El abuso de poder

En muchas empresas, los jefecillos de turno necesitan comprobar, minuto a minuto, su gran poder sobre sus subordinados. Su vida personal suele ser vacía y deprimente. Y su personalidad, frágil. Necesitan compensar su complejo de inferioridad de algún modo.

Los subordinados están obligados a elegir entre decir «si bwana» a cada susurro del jefecillo o a enfrentarse a la posibilidad del despido (y todas las consecuencias que vengan detrás) o a las represalias que puedan venir. Tal vez lo mejor es no complicarse la vida y esperar el final de la jornada laboral, se piensa habitualmente.

Así, apelando a las necesidades de la empresa, surgirán trabajos urgentes de última hora o una dedicación más prolongada a las tareas. Tampoco pueden faltar servicios adicionales: «cuando salgas, ve a buscarme esto a la ferretería». O tareas de castigo. Y cuidado en no equivocarse.

Hay empresas que prefieren la sumisión de sus empleados a sus «encargados». Sin embargo, esta presión sin justificación no hace otra cosa que anular la motivación, hacer caer en errores y, si se tensa demasiado la cuerda, llegan las bajas por enfermedad. Es el camino contrario para alcanzar los objetivos de la empresa.
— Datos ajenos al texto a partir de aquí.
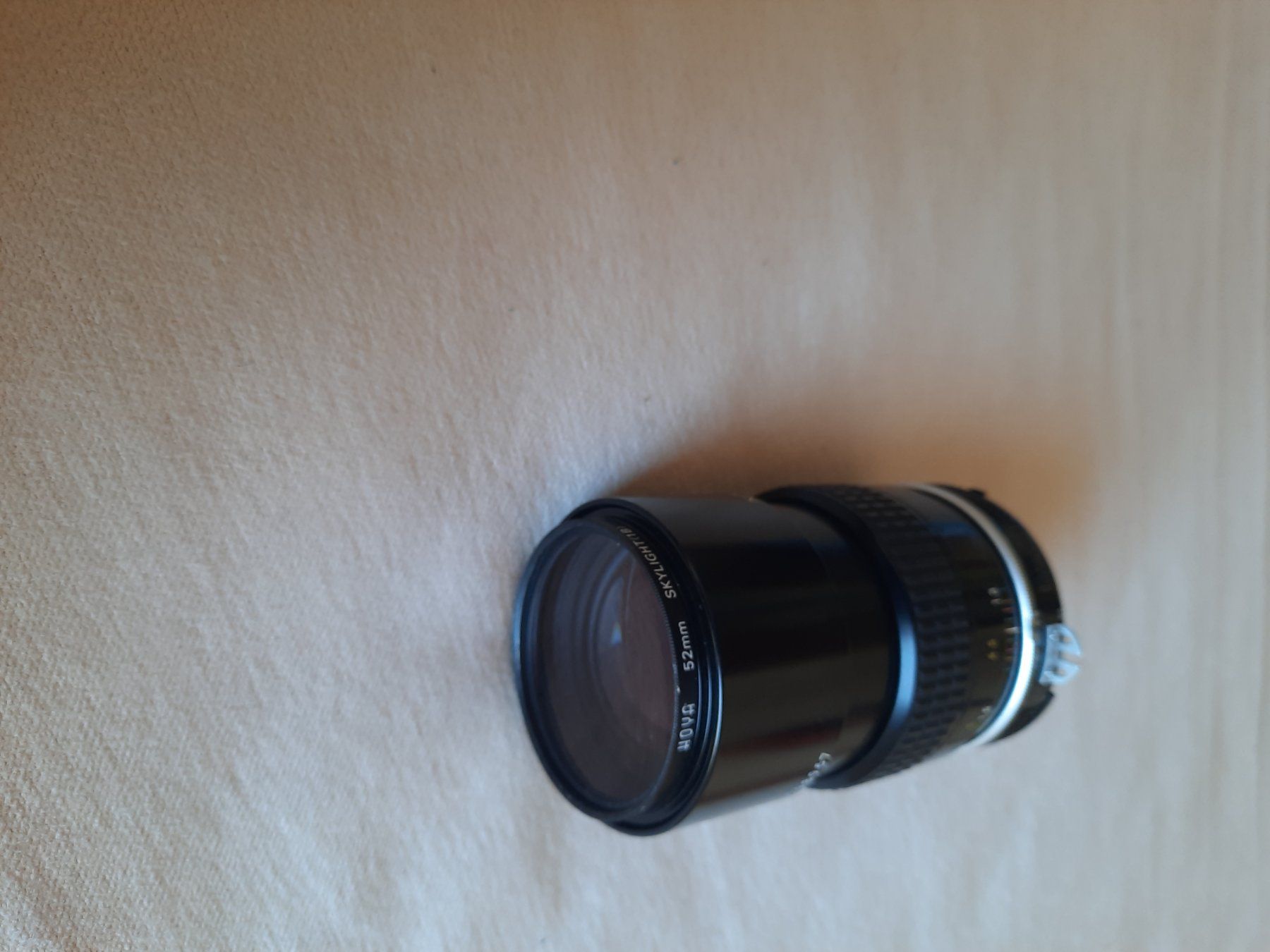 Nikkor Objektive: Objectif Nikkor 135 2.8 – Gebraucht aus Lausanne von mpv_lh5q 1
Además, la continua referencia, directa o indirectamente (si no se alcanza la facturación prevista se tendrán que tomar medidas…) a los despidos, a la responsabilidad, a la poca colaboración, a los fallos cometidos, etc., hace que los empleados más valiosos marchen antes de acabar moralmente tocados.
Es muy curioso que se opte por la crueldad gratuita sobre el equipo que aporta riqueza económica a diario. Y tampoco deja de ser curioso la complicidad que, mediante el silencio, la sumisión, el chivateo y el peloteo, los subordinados tienen con su superior.

La unión hace la fuerza, pero eso no se produce porque hay riesgos. El primero es hablar, ya que nunca falta un experto en olisquear traseros que hace las funciones de informador. Y, además, mientras la ira del superior se centra en otro, a mi me deja tranquilo. Los nulos principios de solidaridad y nobleza (claro, ¿quien pagará la hipoteca si me despiden, listo?) se evaporan. Y ante la injusticia cotidiana, no movemos un solo dedo: somos ayudantes del verdugo; ya sólo falta que le limpiemos el látigo. El jefecillo lo sabe y volverá a su casa, donde tendrá que colgar su armadura de inmunidad y la fusta, deseando que pasen las horas para volver a usarlos con la habilidad que le caracteriza.